● About this task:
Could you restate word for word every line from the one containing "Sliced cinnamon sugar" to the end of the data below, pictures excluded?

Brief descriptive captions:

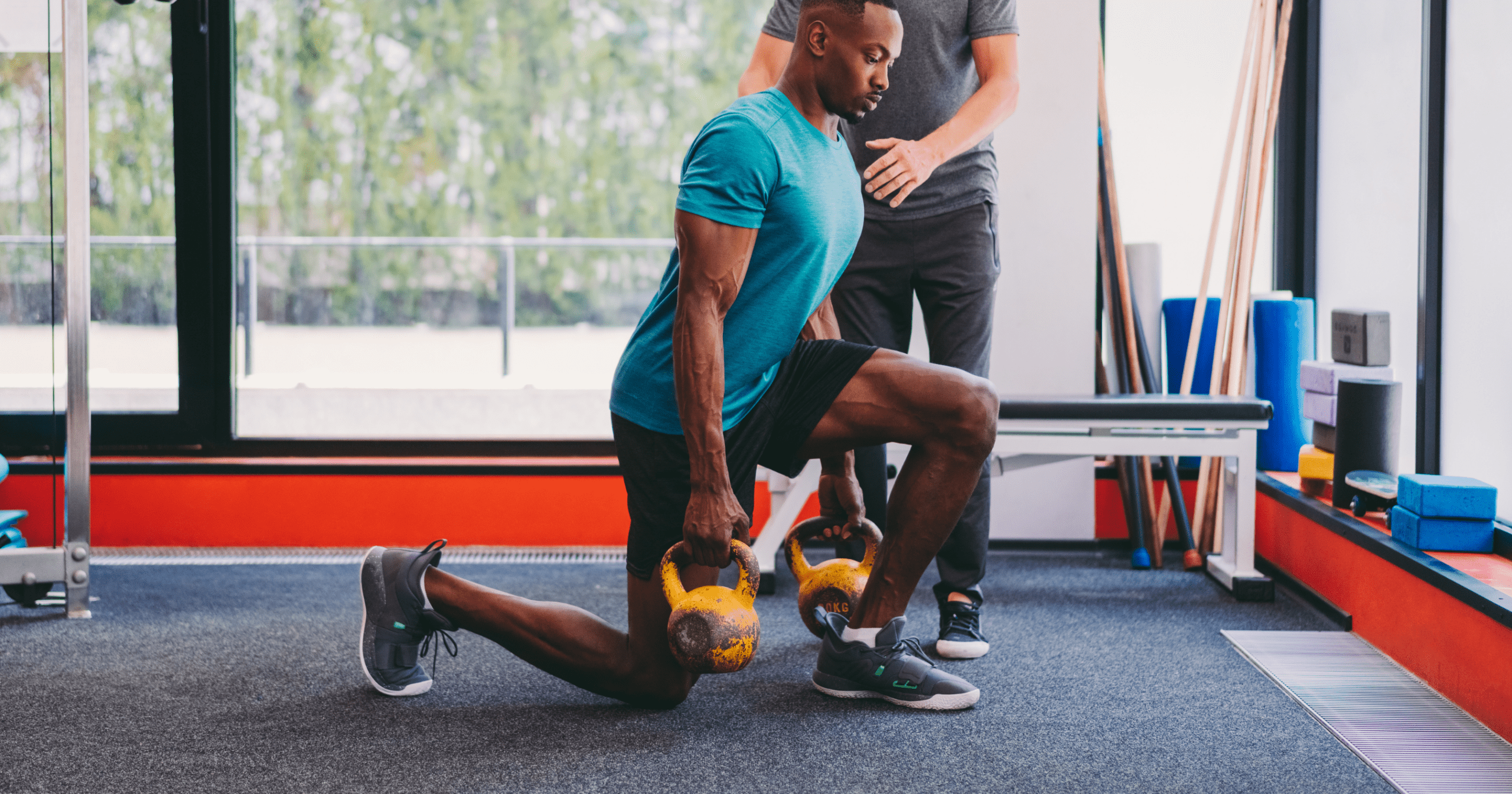 male patient working with athletic trainer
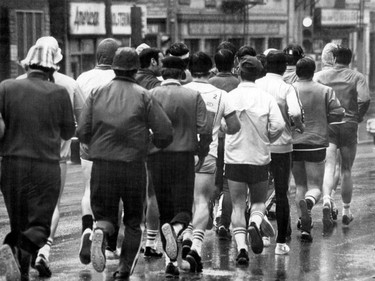 April 1976: Men jogging in the rain on a Montreal street.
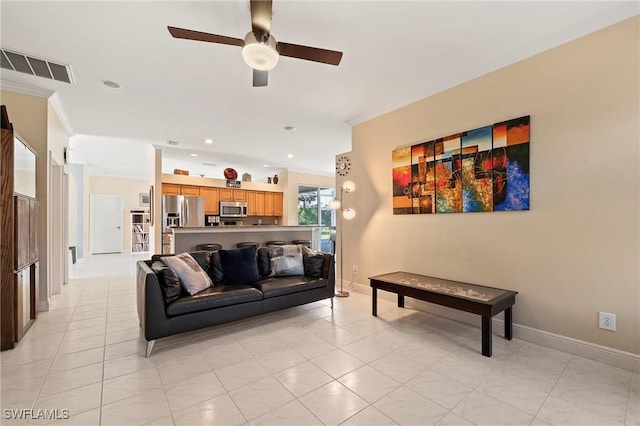 living room with ceiling fan, ornamental molding, and light tile patterned flooring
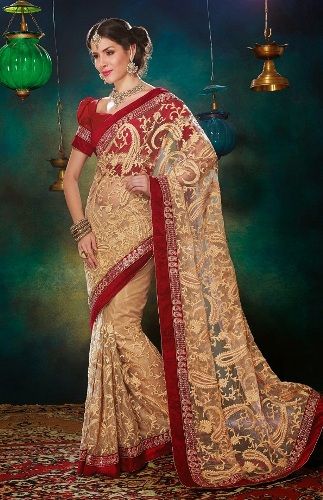  Cream-Coloured-Net-Sari-With-Heavy-Resham-Work-2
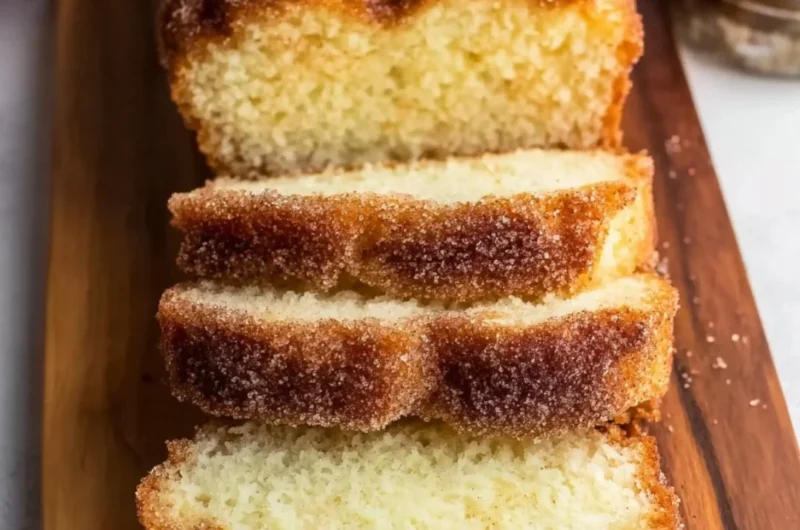 Sliced cinnamon sugar donut bread on a wooden table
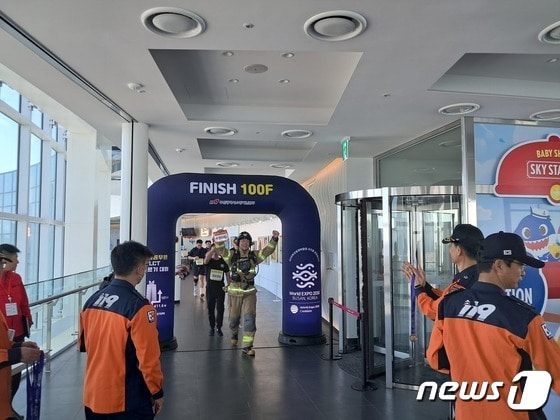 부산 해운대LCT 계단오르기 대회 참가자가 100층 결승선에 도착해 환호하고 있다. (부산소방재난본부 제공)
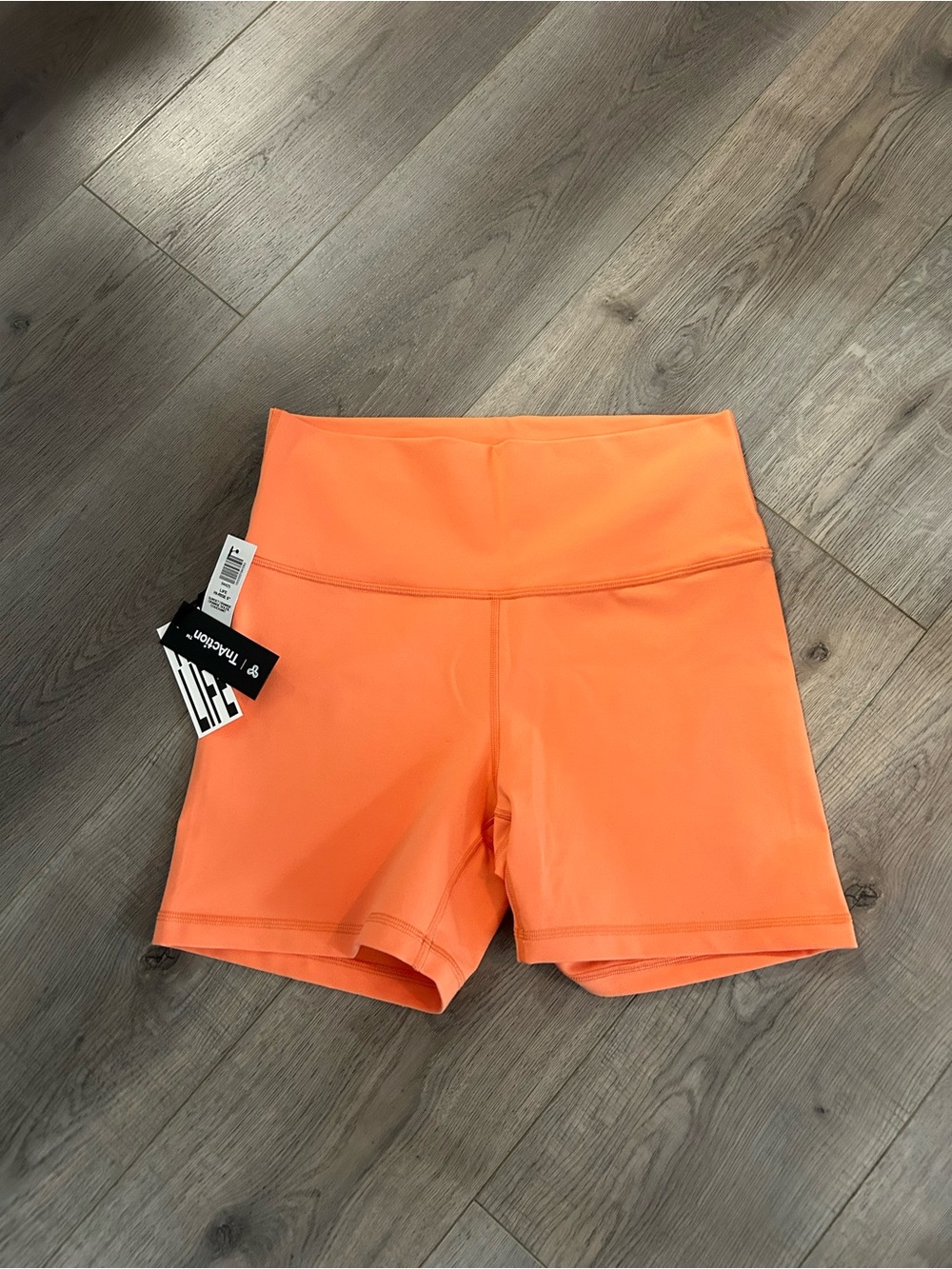 TNA Hi-Rise 5” TnAction Shorts in Sunset Orange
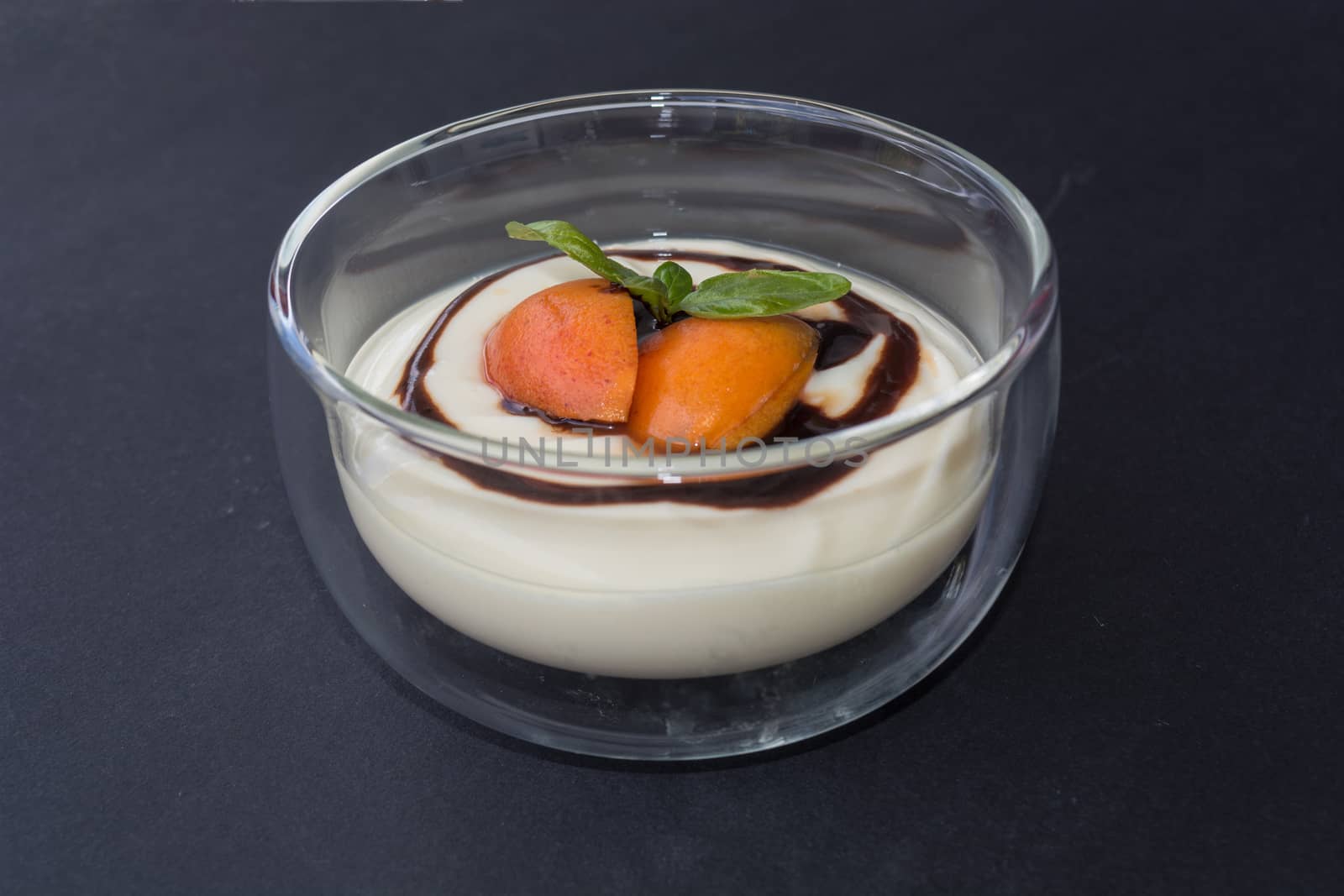 Dessert in glass bowl filled with a fruity pudding.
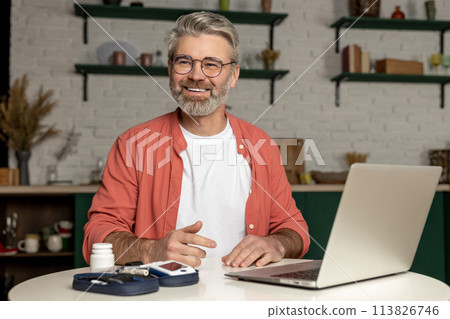Diabetic man talking with doctor online in telehealth telemedicine video call on laptop Diabetic man talking with doctor online in telehealth telemedicine video call on laptop 113826746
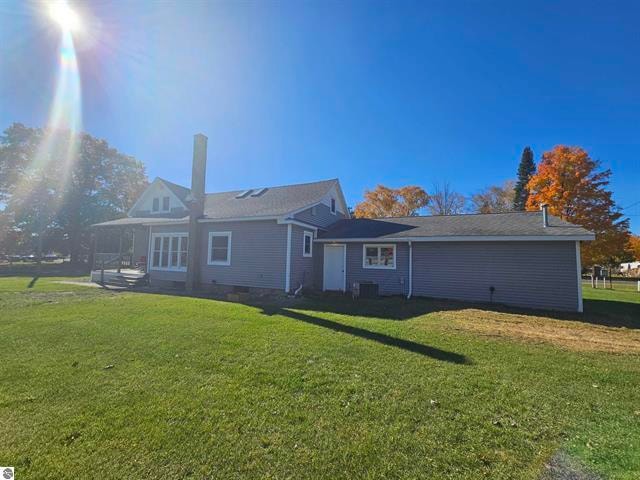 back of property with central air condition unit and a lawn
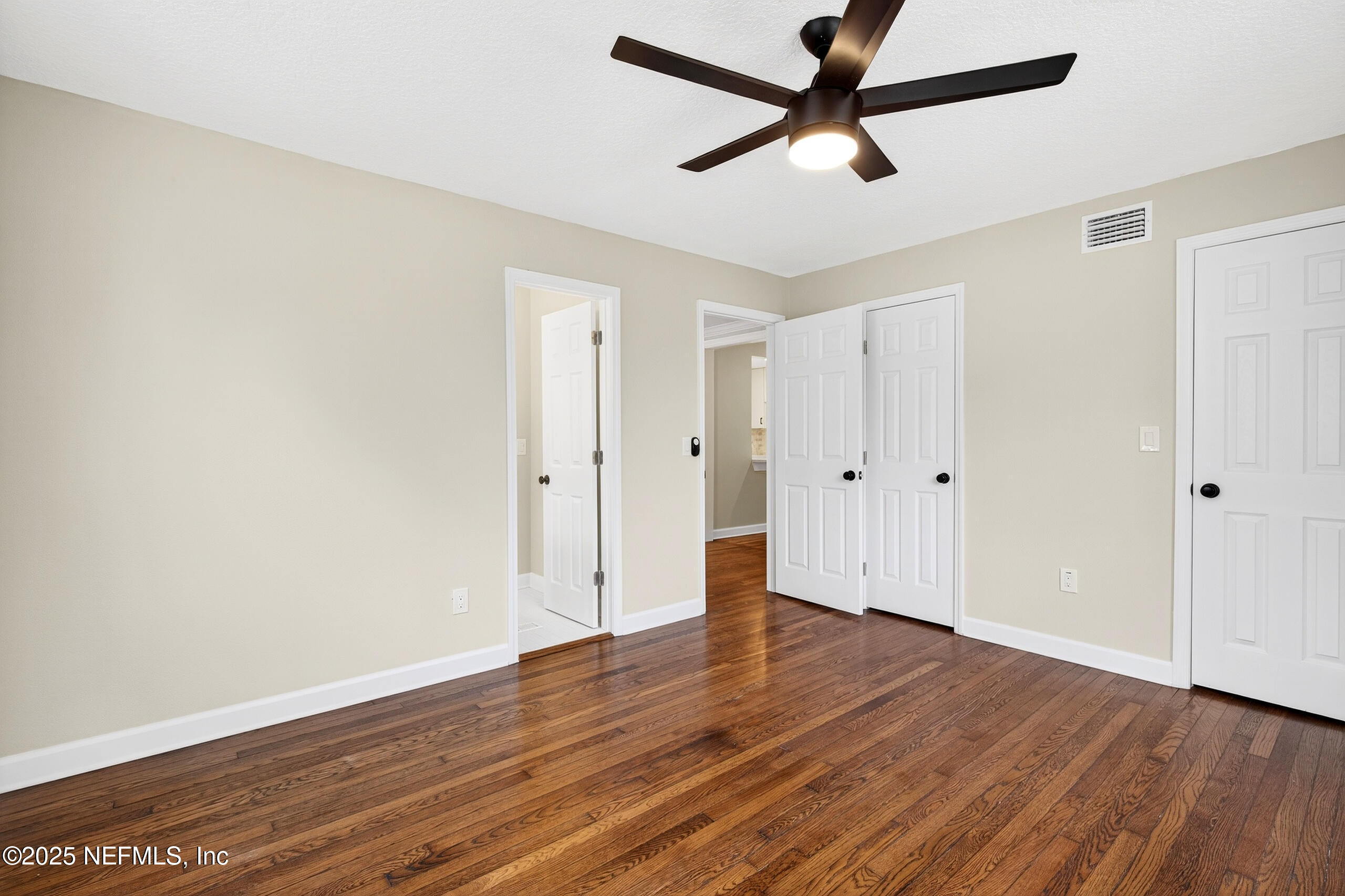 9906 Jeanette Road Jacksonville, FL 32246 - Photo 11 of 32 an empty room with wooden floor and windows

● Answer section:
 Sliced cinnamon sugar donut bread on a wooden table
 부산 해운대LCT 계단오르기 대회 참가자가 100층 결승선에 도착해 환호하고 있다. (부산소방재난본부 제공)
 TNA Hi-Rise 5” TnAction Shorts in Sunset Orange
 Dessert in glass bowl filled with a fruity pudding.
Diabetic man talking with doctor online in telehealth telemedicine video call on laptop Diabetic man talking with doctor online in telehealth telemedicine video call on laptop 113826746
 back of property with central air condition unit and a lawn
 9906 Jeanette Road Jacksonville, FL 32246 - Photo 11 of 32 an empty room with wooden floor and windows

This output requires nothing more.